You see it all the time in the news when celebrities or the very wealthy die. Their family members, heirs and even business partners or friends end up challenging the estate plan or last will. This can lead to a lengthy battle in probate court. Assets that you intended to go to loved ones could end up paying for attorney fees and court costs related to protecting your last wishes.
That's a very frustrating prospect for those who have taken the time to responsibly plan for their passing. Thankfully, you can take steps now to reduce the chances of having someone contest your will in the future. A little planning could save everyone in your family or inner circle a lot of stress and frustration at a later date.
Make sure everyone knows what to expect
Generally speaking, one of the biggest sources of challenges to estates and last wills is unmet or unrealistic expectations. Your heirs, family members and close friends may expect certain assets or imagine you intend to leave a certain amount of your estate to them. Things that were said offhand years ago could leave the wrong impression. Situations and relationships grow and change, as do families.
The best way to ensure that no one is angry enough to go to court over how you want your assets divided is to be up front with everyone.

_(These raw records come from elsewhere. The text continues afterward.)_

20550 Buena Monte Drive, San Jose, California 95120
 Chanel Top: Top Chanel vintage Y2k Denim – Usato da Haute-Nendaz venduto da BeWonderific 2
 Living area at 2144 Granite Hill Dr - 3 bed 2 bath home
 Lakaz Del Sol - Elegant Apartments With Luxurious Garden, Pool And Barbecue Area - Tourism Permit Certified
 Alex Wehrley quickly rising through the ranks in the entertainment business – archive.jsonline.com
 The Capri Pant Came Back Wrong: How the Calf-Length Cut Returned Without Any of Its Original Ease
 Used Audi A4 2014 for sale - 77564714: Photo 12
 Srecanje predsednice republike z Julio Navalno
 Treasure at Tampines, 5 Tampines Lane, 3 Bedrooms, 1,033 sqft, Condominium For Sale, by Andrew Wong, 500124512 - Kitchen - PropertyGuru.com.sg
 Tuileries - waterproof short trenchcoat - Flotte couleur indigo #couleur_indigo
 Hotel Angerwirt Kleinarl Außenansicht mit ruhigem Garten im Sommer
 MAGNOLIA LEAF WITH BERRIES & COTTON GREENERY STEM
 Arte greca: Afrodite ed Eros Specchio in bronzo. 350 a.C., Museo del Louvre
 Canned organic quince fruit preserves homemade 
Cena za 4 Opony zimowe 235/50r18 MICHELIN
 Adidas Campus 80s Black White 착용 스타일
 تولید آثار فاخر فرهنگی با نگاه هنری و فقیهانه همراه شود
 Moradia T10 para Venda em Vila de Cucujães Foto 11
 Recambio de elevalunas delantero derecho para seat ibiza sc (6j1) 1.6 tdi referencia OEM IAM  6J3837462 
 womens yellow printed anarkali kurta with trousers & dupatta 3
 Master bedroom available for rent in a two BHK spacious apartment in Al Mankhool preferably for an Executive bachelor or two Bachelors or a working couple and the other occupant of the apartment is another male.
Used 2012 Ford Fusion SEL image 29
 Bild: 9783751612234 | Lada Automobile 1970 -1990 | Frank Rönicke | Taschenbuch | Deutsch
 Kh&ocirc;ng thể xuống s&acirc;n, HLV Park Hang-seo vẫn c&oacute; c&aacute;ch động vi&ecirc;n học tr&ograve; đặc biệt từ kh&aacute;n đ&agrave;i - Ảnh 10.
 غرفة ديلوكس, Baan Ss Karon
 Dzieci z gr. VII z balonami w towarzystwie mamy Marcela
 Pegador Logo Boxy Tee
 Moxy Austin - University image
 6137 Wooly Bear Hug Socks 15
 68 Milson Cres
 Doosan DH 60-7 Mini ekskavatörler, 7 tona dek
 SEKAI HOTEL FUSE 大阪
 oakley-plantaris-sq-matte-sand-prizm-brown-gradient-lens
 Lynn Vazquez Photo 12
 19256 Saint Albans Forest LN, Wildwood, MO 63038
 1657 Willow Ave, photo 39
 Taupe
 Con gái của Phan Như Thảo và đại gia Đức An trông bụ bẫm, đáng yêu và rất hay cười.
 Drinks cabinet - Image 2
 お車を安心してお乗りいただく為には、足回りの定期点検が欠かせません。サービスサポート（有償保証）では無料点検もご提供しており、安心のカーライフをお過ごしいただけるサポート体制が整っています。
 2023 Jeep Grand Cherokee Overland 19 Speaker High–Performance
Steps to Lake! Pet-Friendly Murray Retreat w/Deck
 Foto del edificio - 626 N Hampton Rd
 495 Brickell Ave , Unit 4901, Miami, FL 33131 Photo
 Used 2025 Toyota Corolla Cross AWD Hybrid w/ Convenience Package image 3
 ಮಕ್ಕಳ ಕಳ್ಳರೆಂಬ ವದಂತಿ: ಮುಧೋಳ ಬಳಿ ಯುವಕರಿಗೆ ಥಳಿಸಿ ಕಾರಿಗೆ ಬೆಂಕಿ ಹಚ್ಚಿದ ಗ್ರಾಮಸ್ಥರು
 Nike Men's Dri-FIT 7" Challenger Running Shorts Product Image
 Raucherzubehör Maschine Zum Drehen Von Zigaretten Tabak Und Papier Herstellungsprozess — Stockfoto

This is particularly true if you aren't leaving any assets to a close family member. Letting everyone know what to expect well before you pass on ensures that no one feels shocked when your last will or estate plan gets revealed after your passing.
You can add a clause to your will to prevent a contest
Many families have one or more members who could prove problematic during an estate. The idea of an inheritance can bring out the worst in some people.
If you believe there is someone in your will or family who may very likely challenge your estate plan or last will in the hope of getting more than you wanted to give, there's hope. You can have a clause included in your will that penalizes or even fully disinherits anyone who brings a challenge against your will.
As long as the courts uphold the will itself as valid, anyone who decided to challenge it would find themselves subject to the penalties you decide. New York allows for the enforcement of these "no contest" clauses without regard to good faith or probable cause when it comes to the person contesting the will. Telling your heirs and family members about this kind of clause can remove the incentive to challenge your will in the first place.